Em nome da “segurança jurídica”, políticos e empresários defendem o projeto que viola direito garantido na Constituição
Por Jamille Anahata
Atual pauta mais urgente para as sociedades indígenas, o antigo projeto de lei (PL) 490 foi renomeado como PL 2903 ao chegar ao Senado, após ser aprovado na Câmara dos Deputados em maio. Além de ferir o direito originário à terra, hoje garantido pela Constituição, a proposta fragiliza os povos indígenas em terras demarcadas de diversas maneiras.
O PL é apenas um dos dispositivos atuais de neocolonização das Terras Indígenas, e toda a sociedade não-indígena também precisa pressionar para impedir esse retrocesso. Defender o direito à terra, e não tratá-la apenas como moeda, é cuidar do futuro da humanidade, reduzindo os danos da crise climática.

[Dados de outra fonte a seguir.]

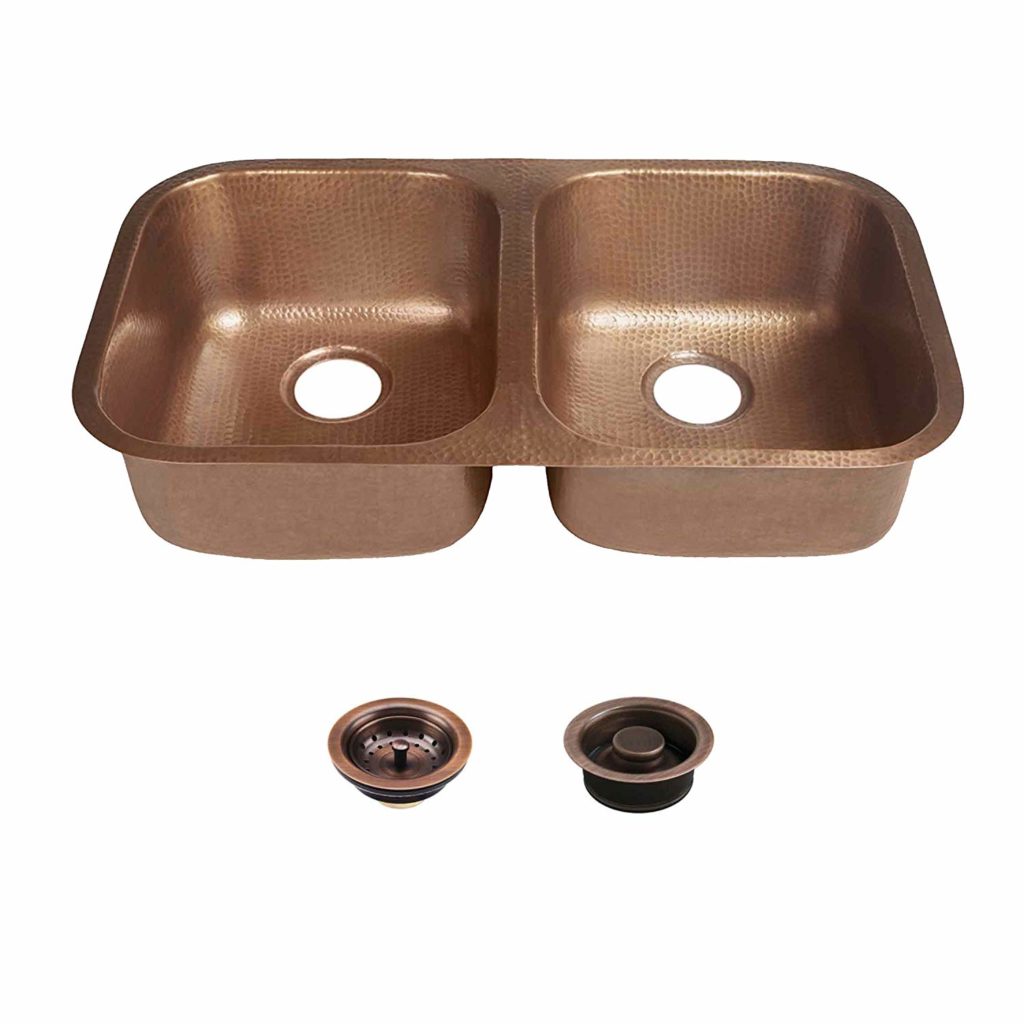 Sinkology SK205-32AC-AMZ-BD Kandinsky Copper Undermount Kitchen Sink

Mas por que esse Projeto de Lei é tão perigoso ?
O PL quer recompensar invasores de terras e escancarar a porta para o desmatamento
Apoiada pela tese do Marco Temporal (veja mais detalhes no item 3), a lei pretende indenizar não-indígenas que precisarem desocupar Terras Indígenas (TIs). Invasores vão receber indenização para sair de um local que pode ter sido tomado a partir de conflitos e mortes de indígenas.
Tais invasões acontecem mesmo quando um território é demarcado ou está nesse processo, através da sobreposição de propriedades. De acordo com o recente dossiê do observatório De Olho nos Ruralistas, setores bancários, fundos de investimento, ramos de armas e agronegócio participam diretamente desse tipo de apropriação, que ocorre em todo o Brasil.
Empresas do agronegócio desmatam para abrir pastos e aumentar fazendas de grãos para exportação, e extraem madeira ilegalmente mesmo em TIs já regularizadas, o que é crime federal. Mesmo diante de tudo isso, há parlamentares que, ao defenderem o projeto, advogam a partir de seus interesses e endossam uma solução que mais parece prêmio para criminosos.
O PL permite intervenções em Terras Indígenas sem consulta prévia
Os direitos aos povos indígenas não começaram e não se limitam à Constituição Federal de 1988. Um dos dispositivos mais importantes é a Convenção n. 169 sobre os Povos Indígenas e Tribais da Organização Internacional do Trabalho (OIT), tratado do qual o Brasil é signatário.
O texto da Convenção diz que os povos indígenas devem ser consultados em iniciativas e projetos que dizem respeito às suas terras. O PL 2903 quer retirar esse direito, prevendo a possibilidade das seguintes construções sem ouvir comunidades envolvidas ou órgãos competentes:
instalação de bases, unidades e postos militares;
expansão da malha viária;
exploração energética de cunho estratégico.
É ou não um absurdo?
O texto do projeto tenta acelerar a aprovação do Marco Temporal
A discussão do Marco Temporal é um dos maiores pontos de alerta da proposição. Em resumo, a tese define que só indígenas que estavam nas terras na data da publicação da Constituição (5 de outubro de 1988) têm direito à demarcação.
Essa teoria ignora os povos originários expulsos durante a ditadura, que não estavam em suas terras nesta data específica. Sem considerar também os posseiros, grileiros e outros invasores que estavam em terras indígenas naquele momento.
A hipótese do Marco Temporal ameaça os povos indígenas desde a homologação da demarcação para os povos Yanomami na TI Raposo Serra do Sol, em 2009. A tese tramita no Supremo Tribunal Federal (STF) desde 2016, mas o PL 2903 quer aprová-la antes. O ritmo de decisão no Supremo é mais lento, uma vez que o processo está sujeito ao calendário de sessões, além de sustentações de todas as partes envolvidas e de pedido de vistas dos ministros (quando podem analisar os materiais por até 90 dias), antes de proferirem seus votos. O PL 2903 quer legalizar a tese antes da decisão dos ministros, contando com um congresso majoritariamente antiindígena.